In this analysis I have gained some business insights and provided certain recommendation to the Bike Share Program Manager to increase the revenues and reduce overall costs. This Analysis is based on several attributes provided in the database. Based on each attribute analysis is conducted and appropriate recommendations are provided.
This analysis can alo be viewed using this Shiny tool. https://abhishekgaggar-dataanalysis.shinyapps.io/r_webpp/
This analysis is based on below attributes:
1. Number of Trips
2. Duration of Trips
3. Number of Bikes
4. Traffic
Lets start by installing the required libraries and importing the data set
library(caret)
library(shiny)
library(lubridate)
library(stringr)
library(plotly)
library(forecast)
library(TTR)
library(ggplot2)
library(dplyr)
library(gridExtra)
data <- read.csv("C:/Users/abhis/Desktop/LDA Test/Dataset/GDA DATA.csv")
options(header=FALSE, stringsAsFactors = FALSE)
Once data set is added lets add additional colums for our analysis. For time series analysis additional columns for Month, Start Date, Start Hour are added.
data$Start_Date <- str_split_fixed(data$Start.Date, " ", 2)[,1]
data$Start_Time <- str_split_fixed(data$Start.Date, " ", 2)[,2]
data$Start_Date <- as.Date(data$Start_Date, "%m/%d/%Y")
data$Start_Hour <- strftime(strptime(data$Start_Time, format="%H"),"%H")
data$Start_Hour <- as.numeric(data$Start_Hour)
data <- data %>%
mutate(Month = format(data$Start_Date, "%m"))
## Aggregate the data wrt to no of trips per hour and no of trips daily
data_startDate <- aggregate(Trip.ID ~ Start_Date, data = data, FUN = length)
## Total Number of bike trips per day
a <- ggplot(data = data_startDate, aes(Start_Date, Trip.ID)) +
geom_point() +
geom_smooth() +
ggtitle("Trips Each Day") +
ylab("Total Number of Bicycle Trips") +
xlab("Date")
plot(a)
This graph represents total number of bikes booked from March to August 2014.

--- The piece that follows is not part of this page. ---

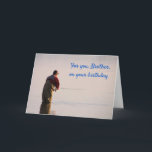 Fly Fishing "For Brother" Birthday Card<br><div class="desc">Is your brother crazy about fly fishing? Show him how much he means to you with this special card. Personalize the messages and create your own meaningful keepsake for him. Many thanks for looking. Photo ©Christine Greenspan</div>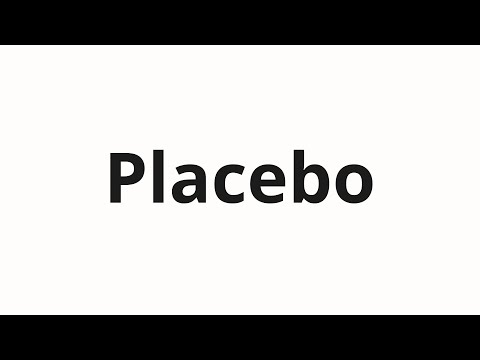 How to pronounce Placebo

This graph reflects that overall trend in the bike usage have been increased.
It provides an overall KPI for the Bike Share Program Manager.
Also we can see an intresting trend that some values are much lower than other values. There has to be certain trend which we need to figure out. Lets split our analysis by considering days of the week
## Total no if trips by day of the week
data_week <- as.data.frame(table(wday(data$Start_Date, label = TRUE)))
b <- ggplot(data = data_week, aes(x = Var1, Freq)) +
geom_col() +
ggtitle("Total Number of Trips Per Day") +
ylab("Total Number of Bicycle Trips") +
xlab("Day of the Week")
plot(b)
data_startDate <- mutate(data_startDate,
weekend = (wday(data_startDate$Start_Date) == 1 | wday(data_startDate$Start_Date) == 7))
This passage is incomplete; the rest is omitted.